Patrick Hopkins, Director of Procurement, Coke Consolidated (Coke), just took the stage at Coupa Inspire to discuss his organization’s indirect procurement transformation. Patrick was blunt in assessing the situation he inherited before implementing a new indirect procurement capability at Coke. His team had no visibility into indirect spending details, and half of all indirect spend was put on credit/purchasing cards (the irony here is that cards can actually give you decent reporting detail, after the fact, but of course they’re never a substitute for a broader indirect procurement system).

They could not come up with a solid number around how much they were spending on an annualized basis. This is despite the fact that Coke had an eProcurement solution in place that was settled against a ghost card, not to mention a separate T&E system, among others. In total, Coke had six different order/payment process systems - and limited visibility into which organizations it was doing business with, including “non-established” suppliers.

Some of these specific challenges included working on handshakes/verbal commitments, late and duplicate payment issues, use of non-standard and non-approved materials, and uninsured liabilities based on contracts and MSAs. Patrick noted, “Coke had non-insured contractors on site, which proved extremely costly to the company in the past.” Further, many in the organization spent significant time “shopping prior to buying,” adding greater inefficiency into the procurement mix.

In its indirect procurement transformation, Coke obviously had a lot to address.

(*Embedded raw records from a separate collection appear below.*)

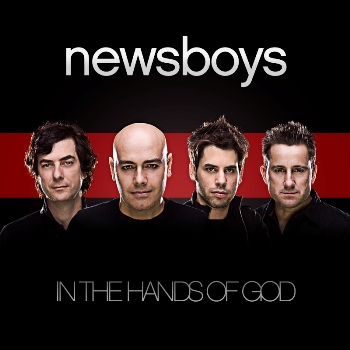 In the hands of God by Newsboys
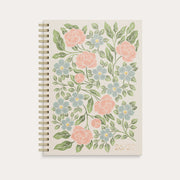 Calendario 26/27 Senator A5 Story Fiori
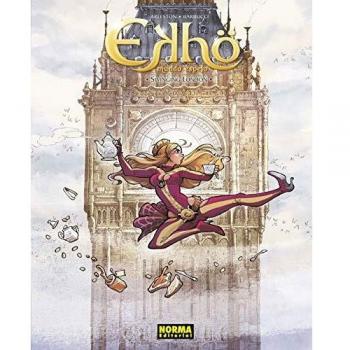 EKHO 7. SWINGING LONDON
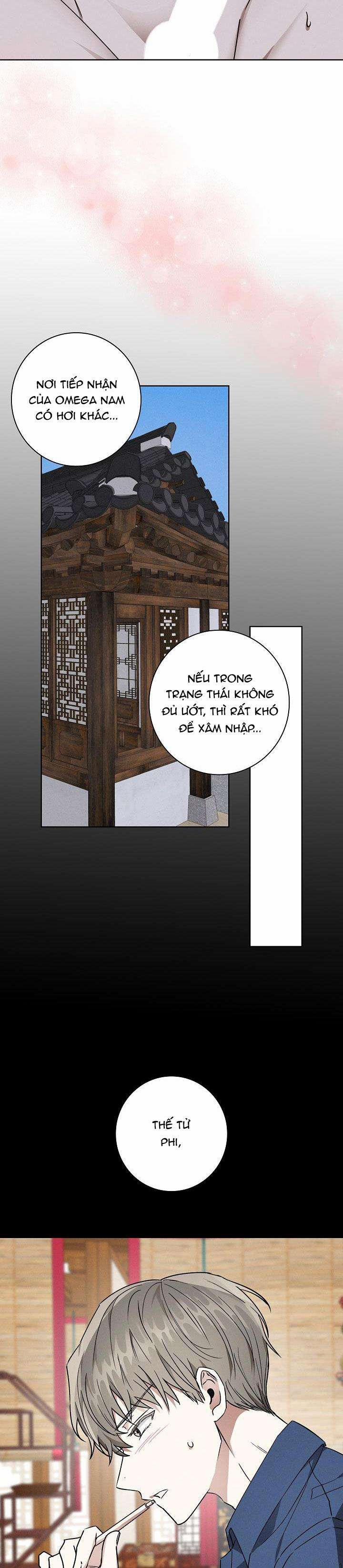 (Abo) Be, Be 0 CHUẨN BỊ THẮT NÚT trang 34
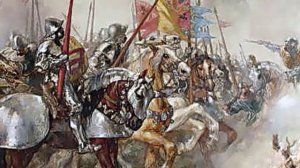 Михаил Щербаков - Щит и меч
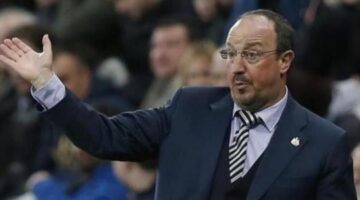 Rafael Benitez has given Newcastle hope – Alan Shearer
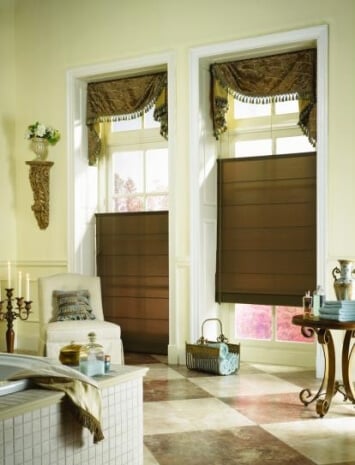 Child Safe Blinds In Temecula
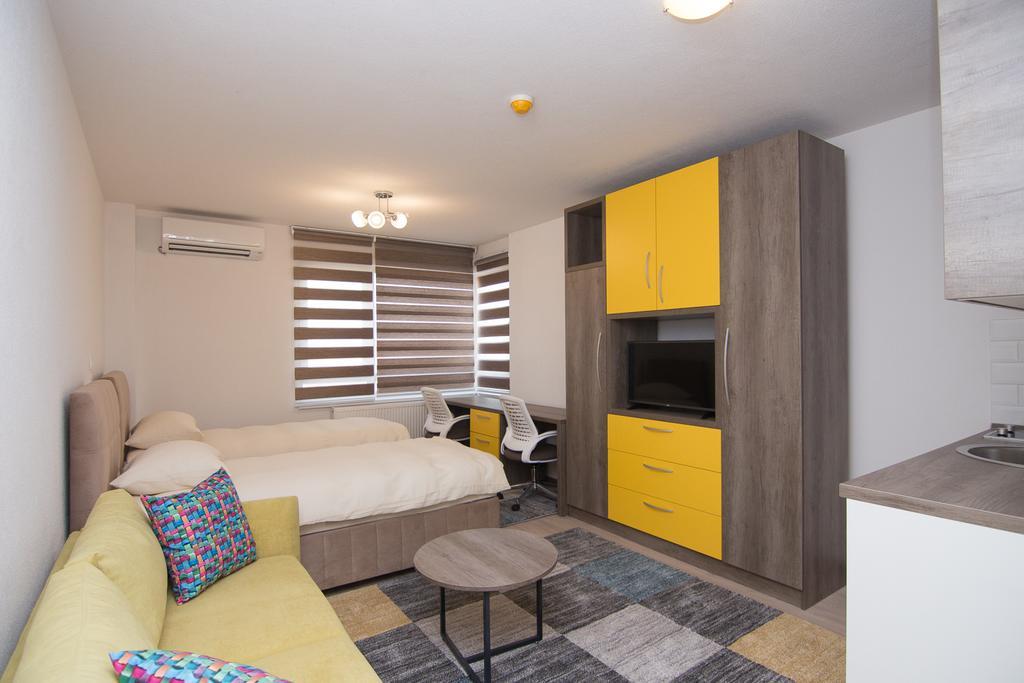 Apartment Vip - Kolonija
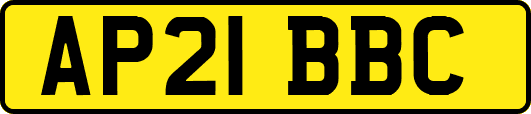 AP21BBC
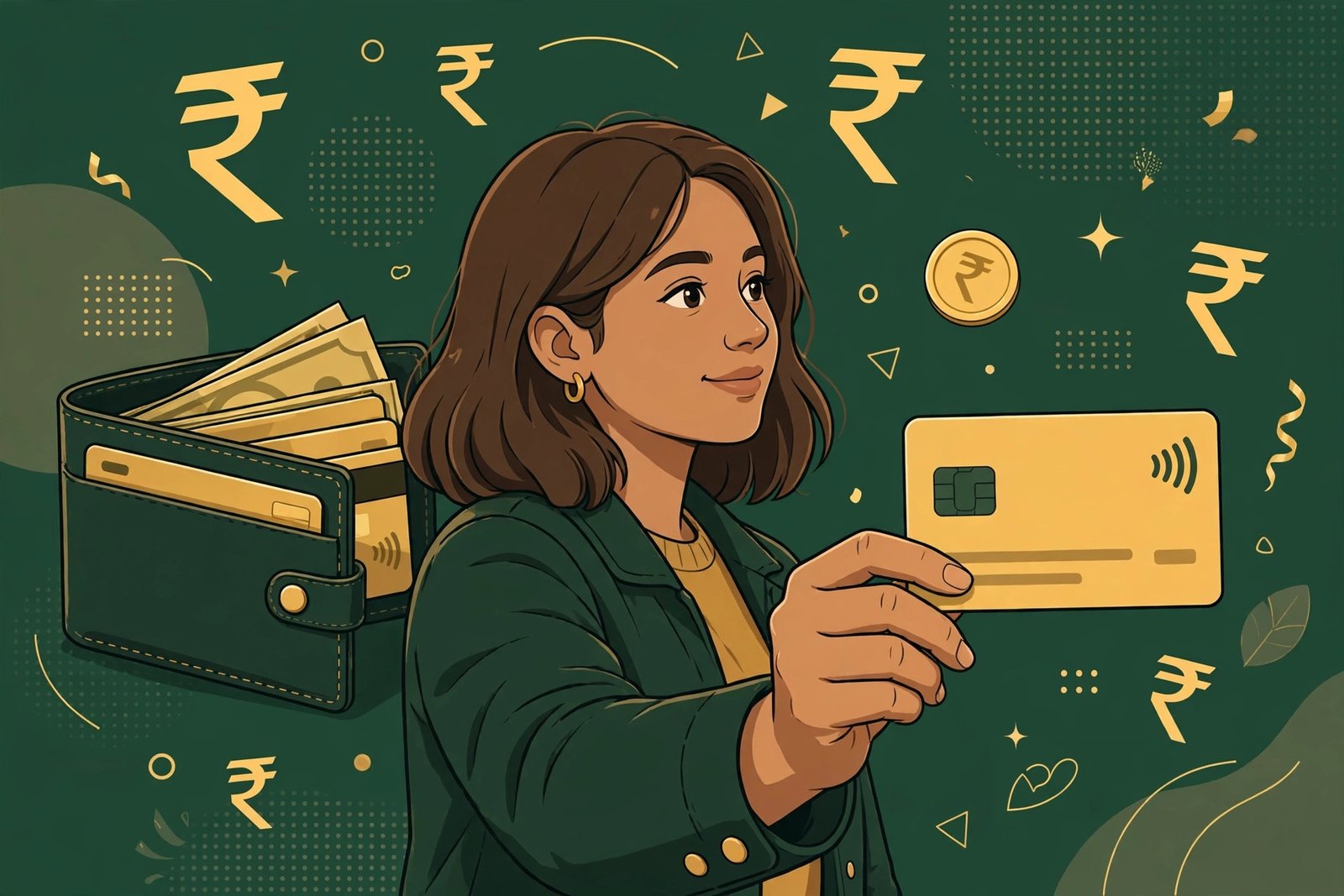 Pehla Credit Card Kaise Lein? Beginners Guide India 2026
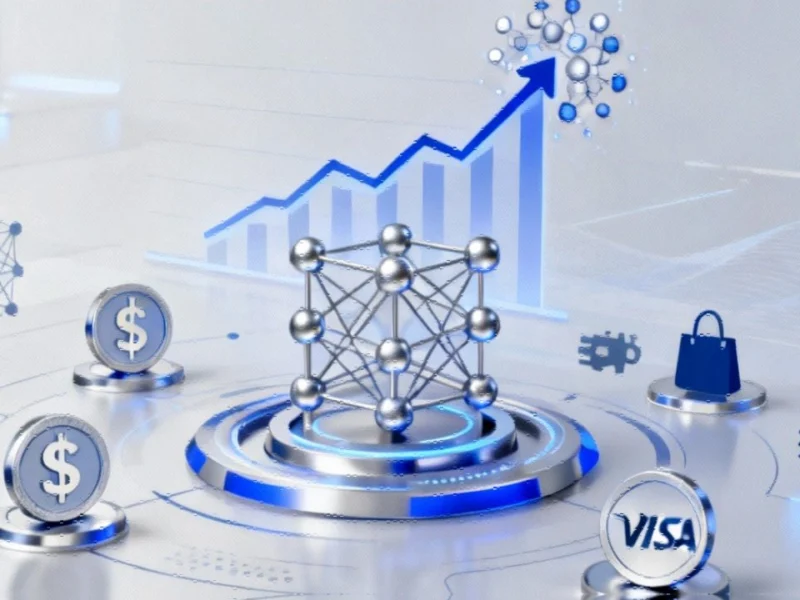 Tempo’s $500M Mega-Round Signals Corporate Blockchain Arms Race Intensifies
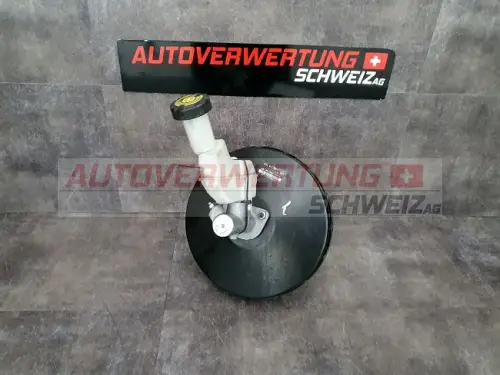 Achsschenkel Vorne Links Renault Clio 1.2L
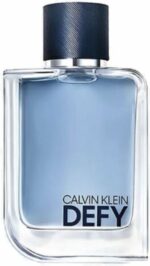 Calvin Klein Defy EDT M 200 ml - Image 2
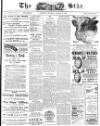 The Star Thursday 22 March 1900 Page 1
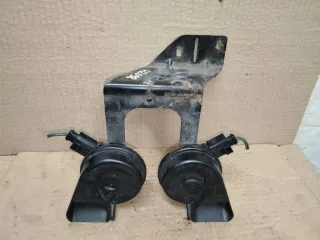 4F0951221A,4F0951223A Сигнал (клаксон) Audi A6 C6 (S6,RS6) Арт 3614.H2698, вид 1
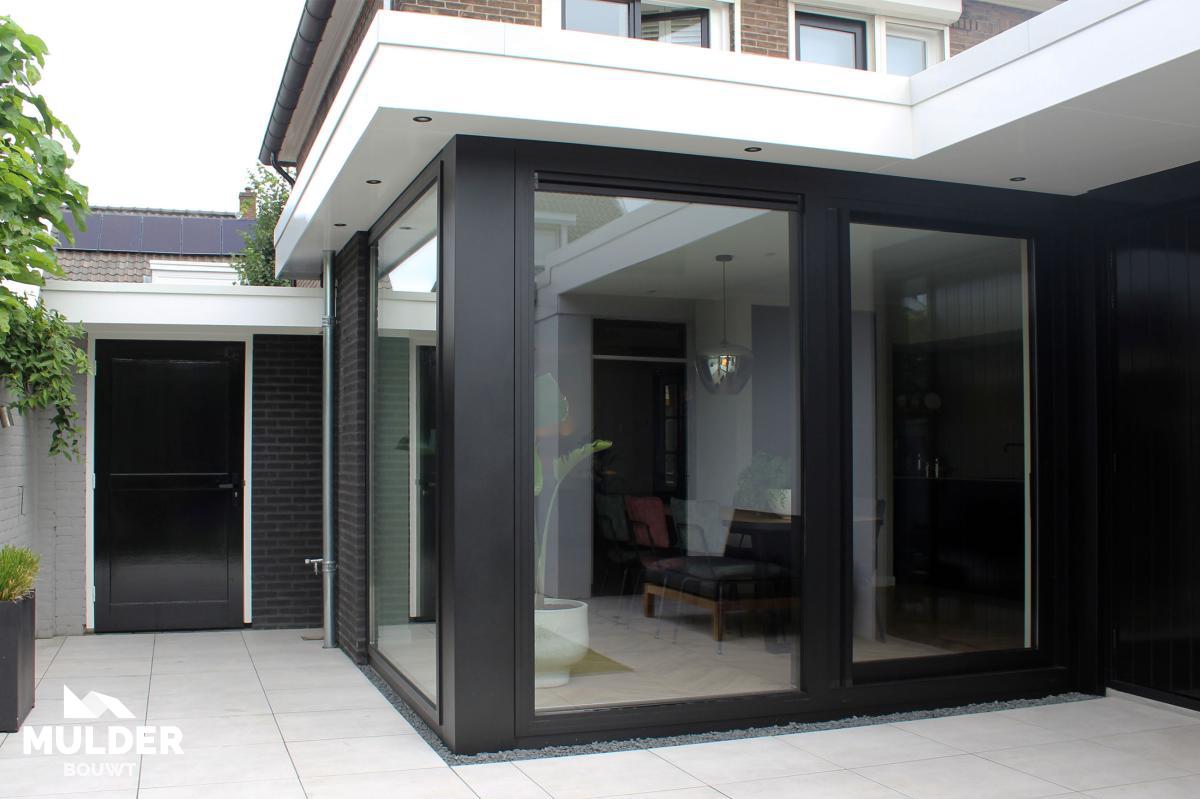 Jaren '30 woning in Hengelo
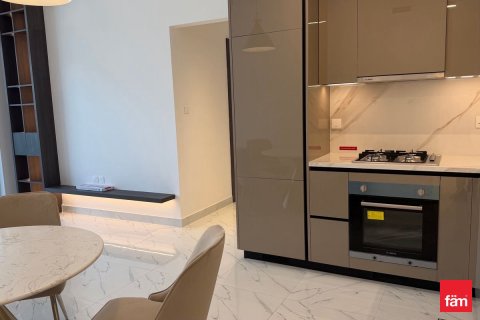 Снять в аренду квартиру в Arjan, Дубай: 1 спальня, 78.2м², № 97625 - фото 6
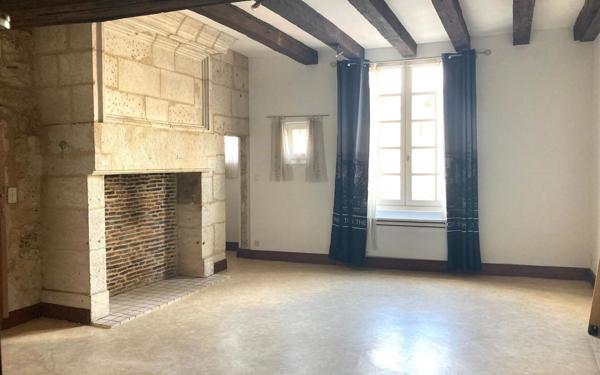 Appartement à louer    3 pièces •  Périgueux
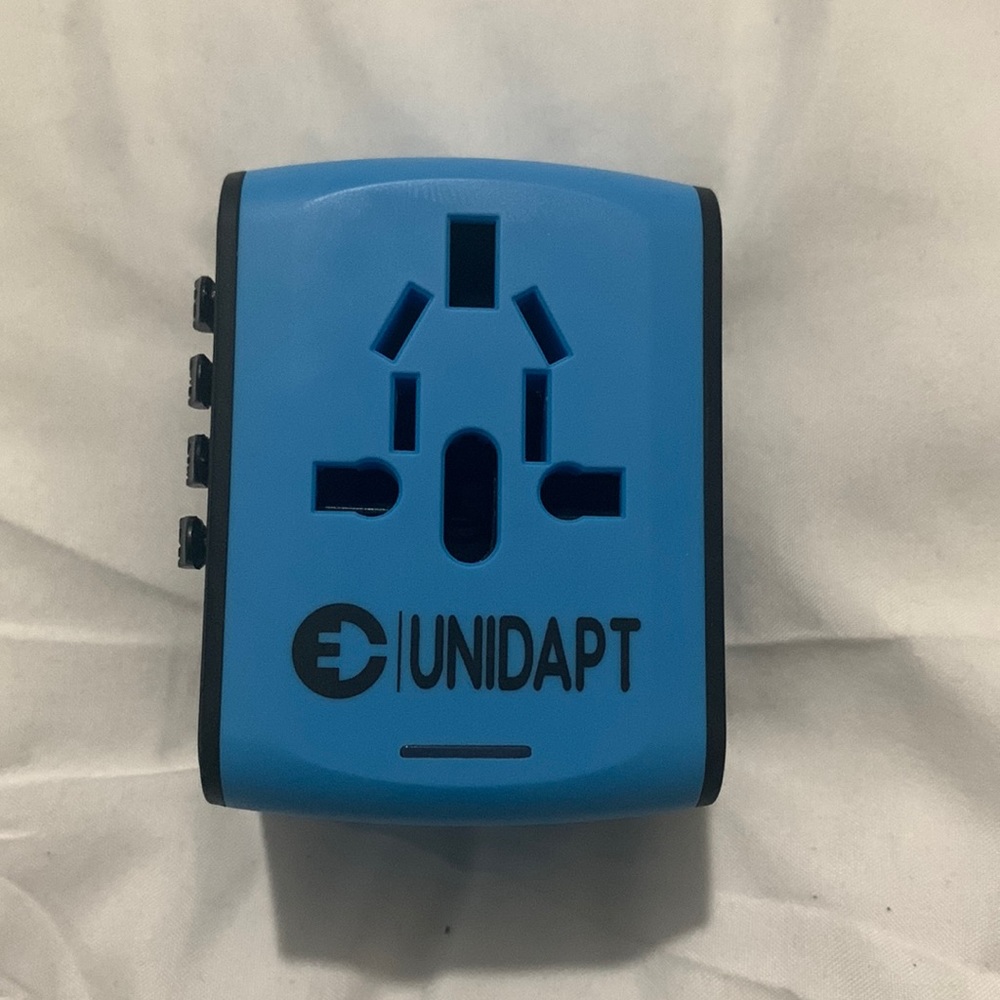 Universal Power adapter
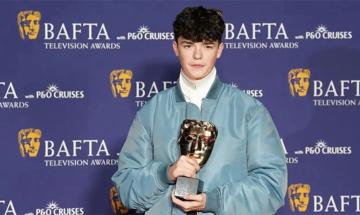‘Adolescence’ sets BAFTA record with unprecedented TV Award wins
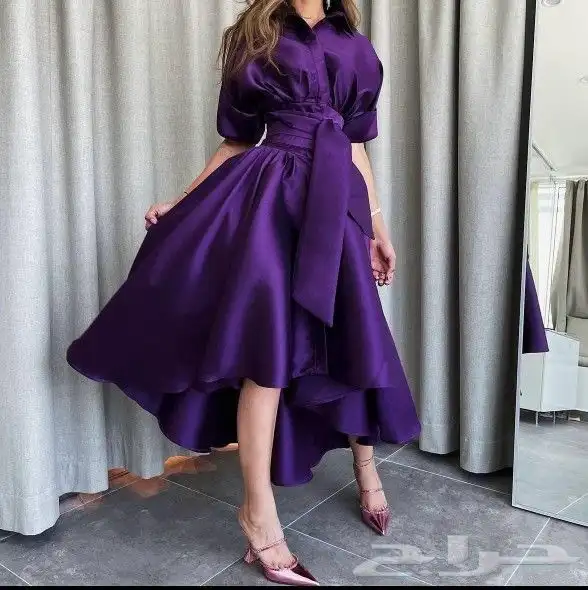 فساتين العيد و فساتين سهرات و فساتين مناسبات بأسعار الجملة 16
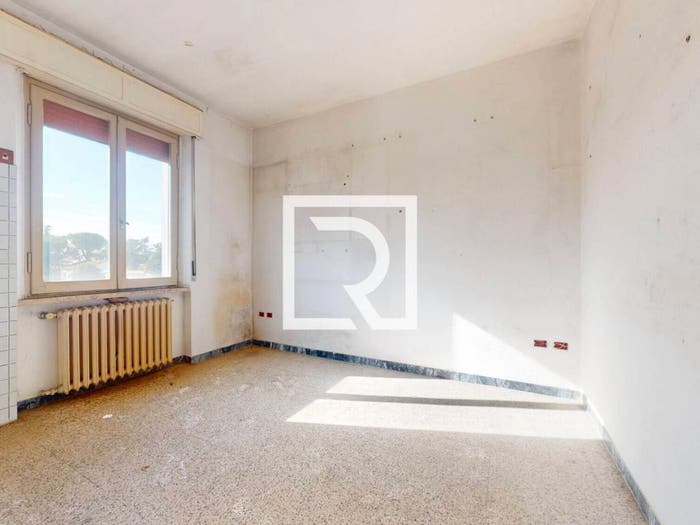Appartamento trilocale in vendita in Viale Gorizia, Foro Boario, Forlì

Specific activities and investments would focus on three areas: supply base rationalization, demand management and rationalization (for SKU-based items and services) and automating processes. You can pretty much guess the benefits Coke articulated around supply base consolidation and SKU standardization: greater volume to fewer suppliers results in lower mark-ups, rebates, incentives, reduced inventory, better performance/quality, more favorable MSAs, terms, certification/compliance (e.g., insurance), etc.

For process automation, Coke’s goal fell within the typical indirect procurement idealized box: enhanced productivity (for both employees and suppliers) through automation, savings capture, etc. The automation adage Coke followed with P2P and related initiatives is almost as good as Coke marketing jingles: simplify, eliminate, combine. It seems simple, but it’s not; we’ll explore this as our reporting on Coke’s experience continues!

One example is a Grainger kiosk Coke uses (see below). Coke has recently deployed “a handful of these” in five manufacturing plants. Grainger stocks the items with standard materials such as personal protective equipment, gloves and tools. Depending on the employee’s responsibility, they have access to certain items but not others. For example, a line operator might have access to the gloves but not drill bits.

Grainger Kiosk. Source: Coke Consolidated, Coupa INSPIRE Keynote

grainger coke

All the individual needs to do is swipe their ID badge to access item. Yet the kiosk also controls the frequency that an individual can access materials. As a result, Coke is “issuing items far less often than we used to and we’re not relying on a store room attendant” for the same activities as before.